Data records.
....

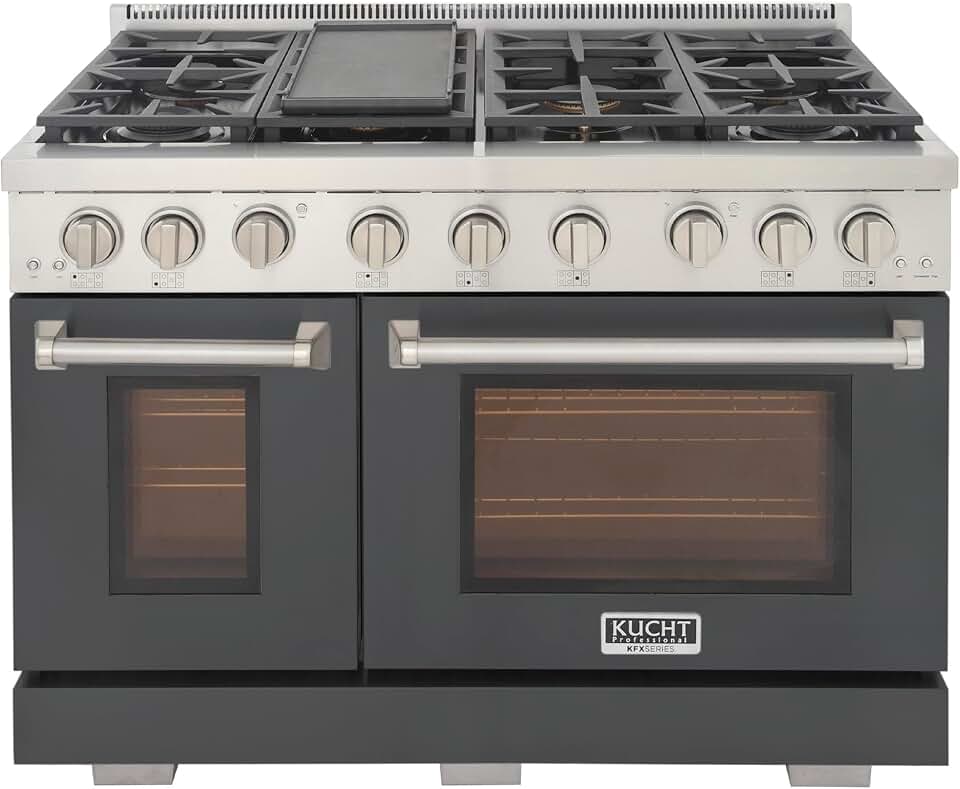 KUCHT Professional 48 in. 6.7 cu. ft. Propane Gas Range Two Ovens - One Convection - in Cement Gray with True Simmer Burners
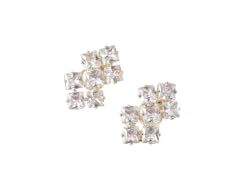 18K Gold Asymmetric CZ Stud Earrings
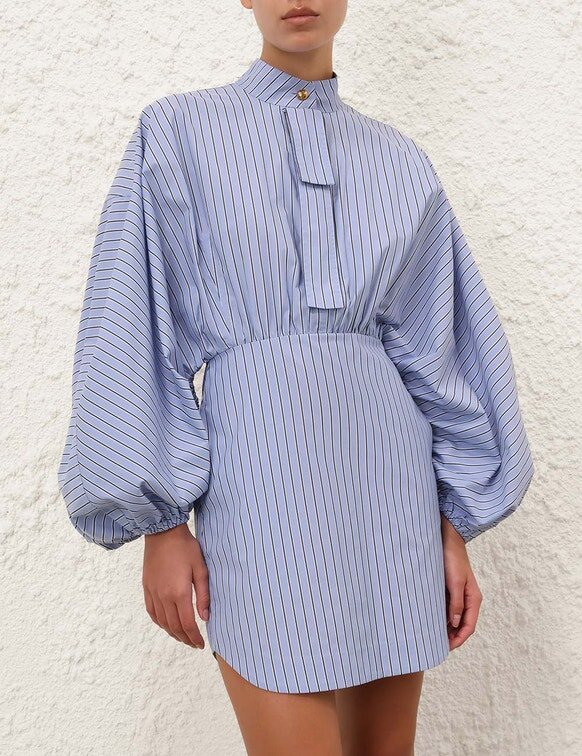 Drawstring Stripe Mini Dress Hydrangea Stripe Online Drawstring Stripe Mini Dress Hydrangea Stripe Online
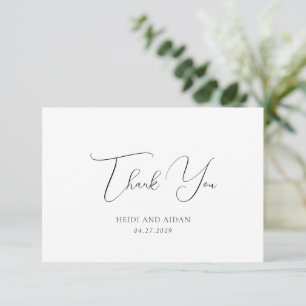 Elegant Black and White Old Money Wedding Thank You Card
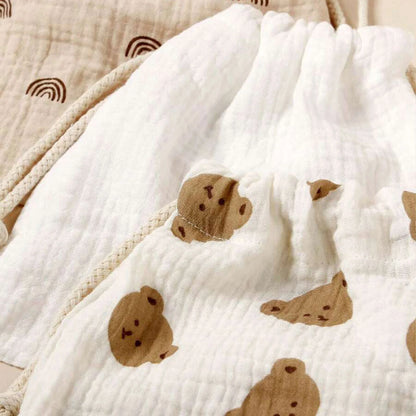 3-Pack Muslin Drawstring Storage Pouches – Baby Stroller Organizer Bags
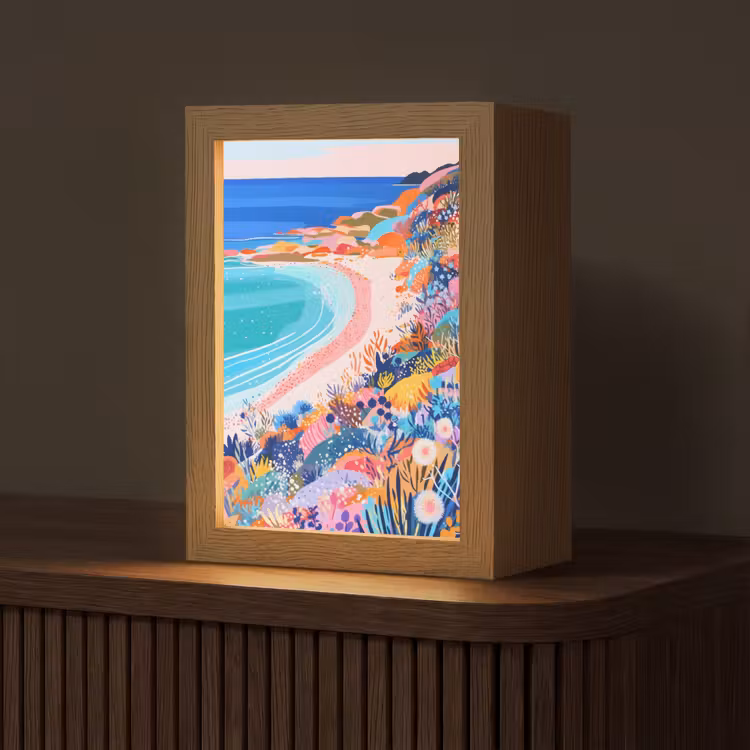 Bloemenweide - Zee - Zomers Light Box met kabel (Tafellamp) klein -z3d_website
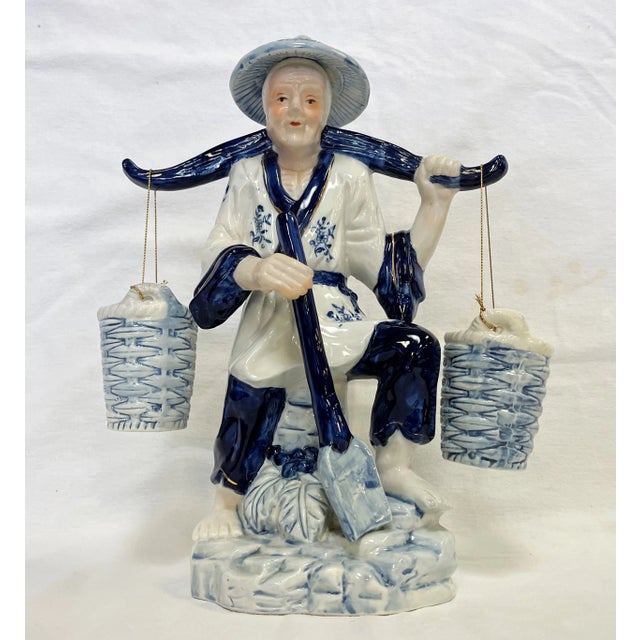Vintage Blue and White Porcelain Asian Figurine Carrying Baskets For Sale - Image 13 of 13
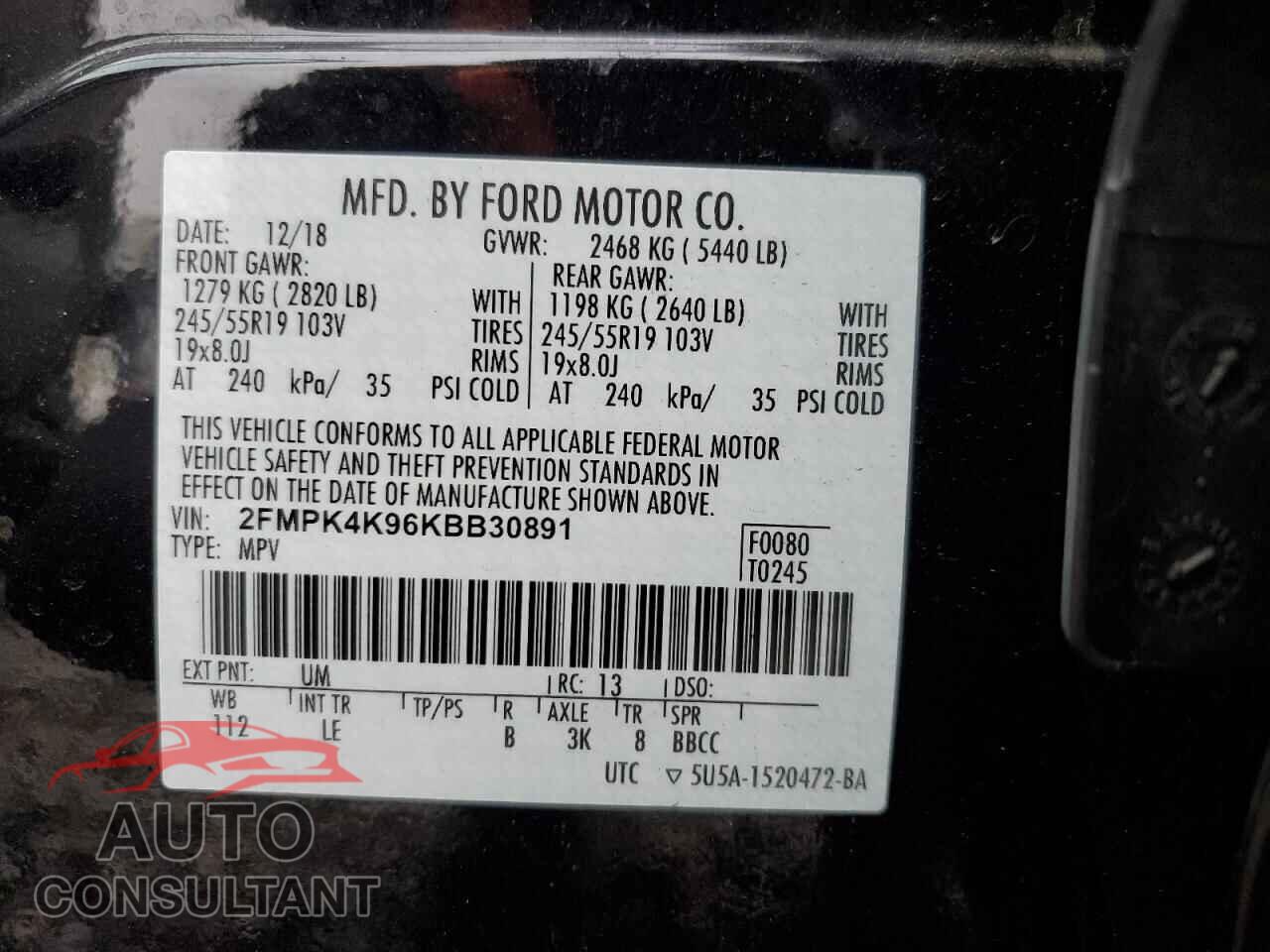FORD EDGE 2019 - 2FMPK4K96KBB30891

....

Going through the records above line by line, transcribe each one exactly and skip any pictures.

 KUCHT Professional 48 in. 6.7 cu. ft. Propane Gas Range Two Ovens - One Convection - in Cement Gray with True Simmer Burners
 18K Gold Asymmetric CZ Stud Earrings
 Drawstring Stripe Mini Dress Hydrangea Stripe Online Drawstring Stripe Mini Dress Hydrangea Stripe Online
 Elegant Black and White Old Money Wedding Thank You Card
 3-Pack Muslin Drawstring Storage Pouches – Baby Stroller Organizer Bags
 Bloemenweide - Zee - Zomers Light Box met kabel (Tafellamp) klein -z3d_website
Vintage Blue and White Porcelain Asian Figurine Carrying Baskets For Sale - Image 13 of 13
FORD EDGE 2019 - 2FMPK4K96KBB30891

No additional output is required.